◆ **Extracted material**
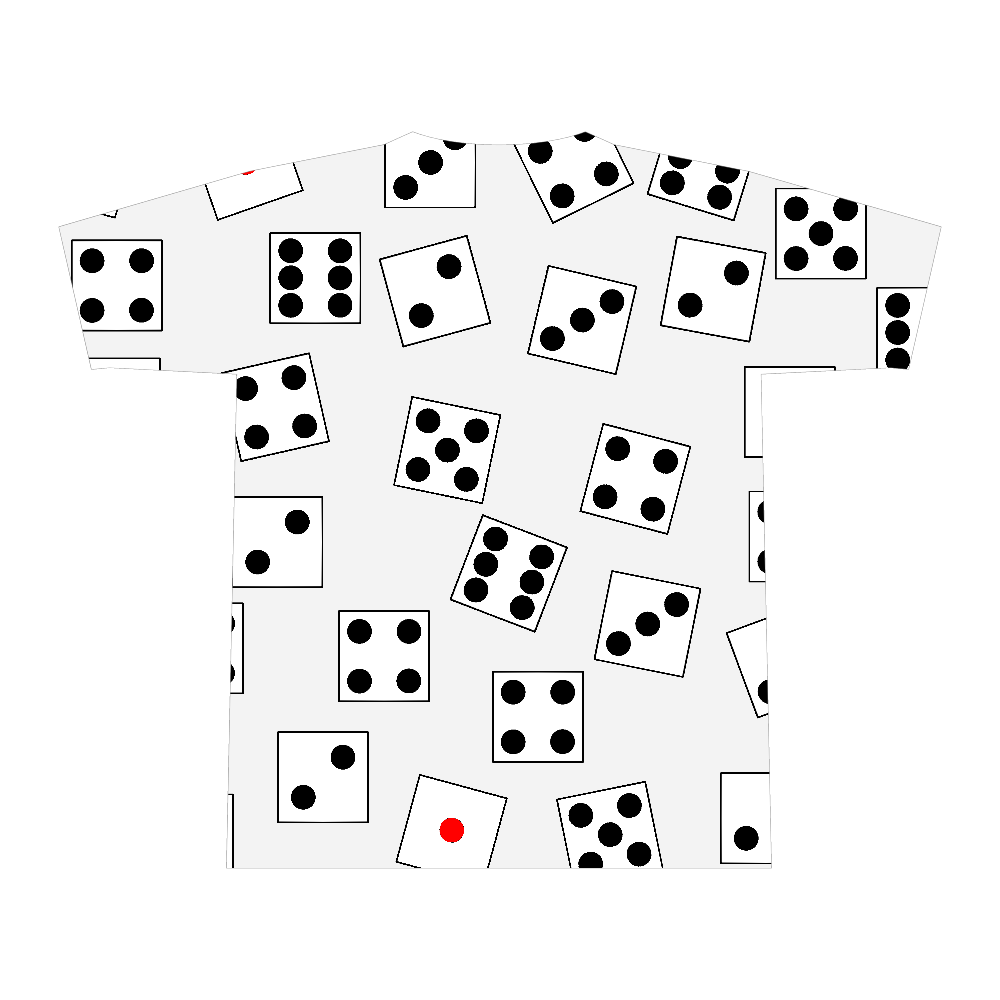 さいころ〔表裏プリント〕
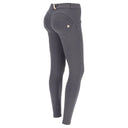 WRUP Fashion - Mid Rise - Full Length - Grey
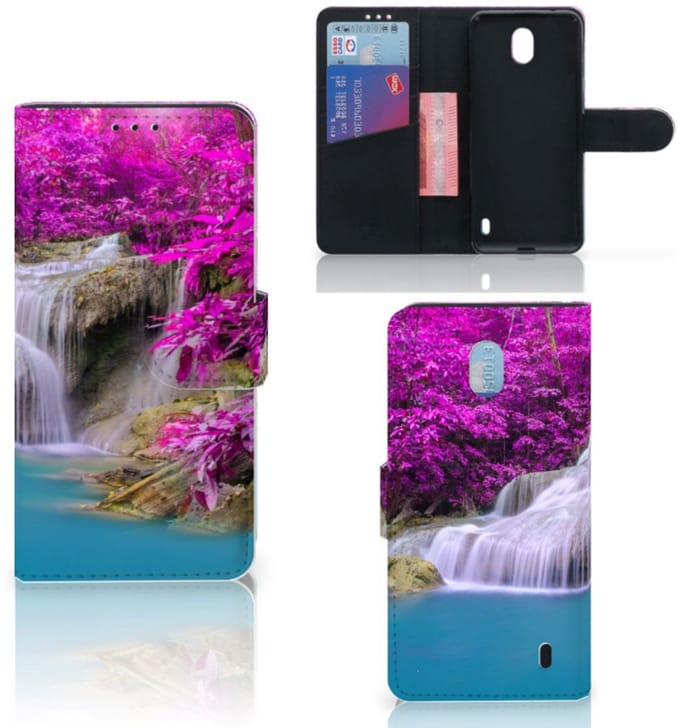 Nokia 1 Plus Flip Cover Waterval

* * *

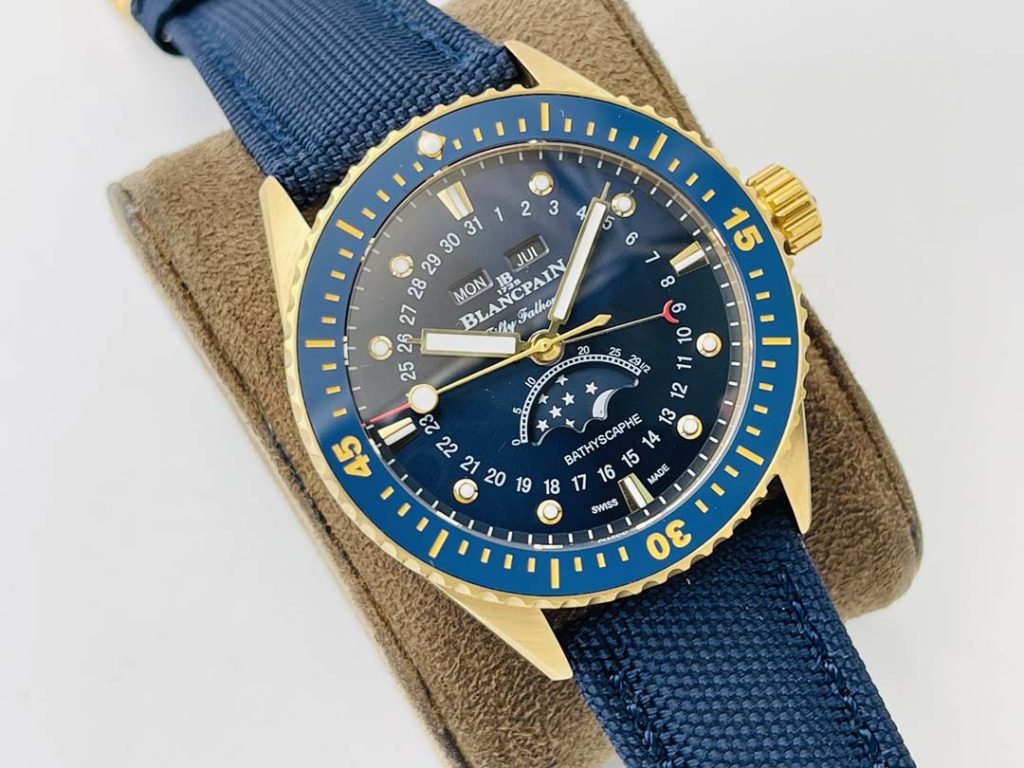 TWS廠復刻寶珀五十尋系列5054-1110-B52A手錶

◆ **Exercise**
Return only the stretch above from the line containing "さいころ〔表裏プリント〕" through the line containing "Nokia 1 Plus Flip Cover Waterval", word for word and without pictures.

◆ **Written response**
 さいころ〔表裏プリント〕
 WRUP Fashion - Mid Rise - Full Length - Grey
 Nokia 1 Plus Flip Cover Waterval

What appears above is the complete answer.